The rates for accumulated definite/probable ST were not significantly different in the analyzed regions (p = 0.122).

ACS vs. stable CAD

For methodological reasons, elective and ACS patients were separately studied in terms of their clinical event rates (Fig 2). In the ACS cohort, accumulated MACE (p = 0.298) nor its components, i.e. TLR (p = 0.099), MI (p = 0.597) and mortality (p = 0.073) were significantly different between the four regions. However, in elective patients the accumulated MACE rates were different (p = 0.002) mostly driven by differences in TLR rates (p = 0.002) ranging from 0.8% (Malaysia) to 3.1% in Central Europe.

Fig 2

Clinical outcomes in stable CAD and ACS patients per defined region.

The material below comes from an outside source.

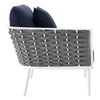 Modway Stance Outdoor Patio Woven Rope Aluminum Sectional Sofa Left-Facing Armchair White Navy MDY-EEI-5565-WHI-NAV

Noteworthy is the 3.1% MI rate in South Korean ACS patients whereas the corresponding MI rate in elective patients was 0.0%.

12-month follow-up

Due to the fact that in some countries a follow-up window of 9–12 months was requested for local reimbursement requirements, an a priori defined subgroup of patients with a follow-up of longer than 12 months was analyzed. At a follow-up duration of 13.34±2.1 months, the TLR rate in the longer follow-up group was 1.6% (9/555) vs. 2.3% (132/5865) in the patient group with the shorter follow-up (p = 0.334). Likewise, the accumulated MACE (4.0% vs. 4.3%, p = 0.725) and MI rates (2.2% vs. 1.3%, p = 0.082) respectively were also not different. The accumulated mortality rate was lower in the longer follow-up cohort (0.5% vs. 1.7%, p = 0.039). The accumulated rates for definite/probably stent thrombosis were not different between the two different follow-up groups (0.7%, 39/5865 vs. 0.7%, 4/555, p = 0.878).

Discussion

There are several research objectives when ethnic demographics, clinical practices and their associated clinical outcomes following PCI are studied. On one side, there are the interethnic comparisons within one health care system. In this context, the US healthcare system was studied on several occasions to compare disparities among Caucasian, African American, Asian American/Asian and Hispanic/Latina ethnic subgroups [16,17]. Furthermore, there are observational data from the Netherlands [18] and Singapore [19] to explore inequalities in revascularizations in STEMI patients within their respective health care systems. On the other hand, there are several global studies which attempted to determine interethnic differences in terms of clinical outcomes [20] for a given device.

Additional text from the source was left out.